Eye For Film >> Movies >> The Virgin Suicides (1999) Film Review
The once bright suburban dreamscape is having a rotten year. First there was American Beauty, and now this. Not that Sofia Coppola's debut as writer/director intends to poke fun. It chills. And in doing so, questions.
Why did the beautiful Lisbon girls kill themselves?
Was it the fault of their parents for being too strict? Was it the stupid, ritualistic, high school mating game? Was it suburbia's broken promise? When you live in a privileged part of town, with future debutantes and prospective Yale students, happiness comes with the territory. What if it doesn't? Who's to blame?
Coppola's script, based on Jeffrey Eugenides's novel, tells the story, with narrative voice-over, from the viewpoint of four boys, now men, who took the girls out, the only time they were allowed. At that age - early-to-mid teens - the five blonde daughters of Mr Lisbon, the maths teacher, had mythical qualities. They were somehow beyond beauty, in that place where conversation is choked by desire and the heart plays hide-and-seek inside your chest.
Cecilia (Hanna Hall) slits her wrists in the bath and is saved. She's 13. The shrink (Danny DeVito) says, in his I've-been-there-before-you-even-thought-of-it voice: "You aren't old enough to know how bad life gets", implying that if things feel desperate now, just wait and see. She doesn't, and the whole cycle of tragedy begins.
Coppola demonstrates remarkable confidence. She takes risks, using imaginative photographic techniques and avoiding high school clichés - she can't resist a pinning-the-corsage sequence - with admirable courage.
Kathleen Turner, as Mrs L, driven by a desperate conviction, shows a whole new side to her talent.
James Woods, as Mr L, plays against type and gives one of his least showy performances, proving that you don't have to be mad to be noticed.
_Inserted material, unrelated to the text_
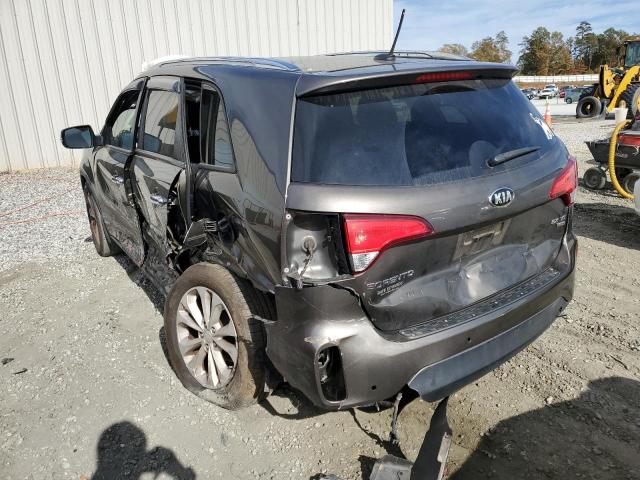 Photo 3 from auction – 2014 KIA SORENTO EX with VIN 5XYKUDA73EG453370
Josh Hartnett, as the football star heartthrob, who lusts after 14-year-old Lux (Kirsten Dunst), because she's not a pushover, is wonderfully vain and self-aware.
With the exception of Dunst and Hanna, the girls are figments. They decorate rooms with their presence. The film ends abruptly, as if arrested by the plot police. Setting up Death City in the 'burbs and forgetting to pay the reaper leads to langour and disbelief. American Beauty cut to the quick. Virgin Suicides bleeds into bobby socks.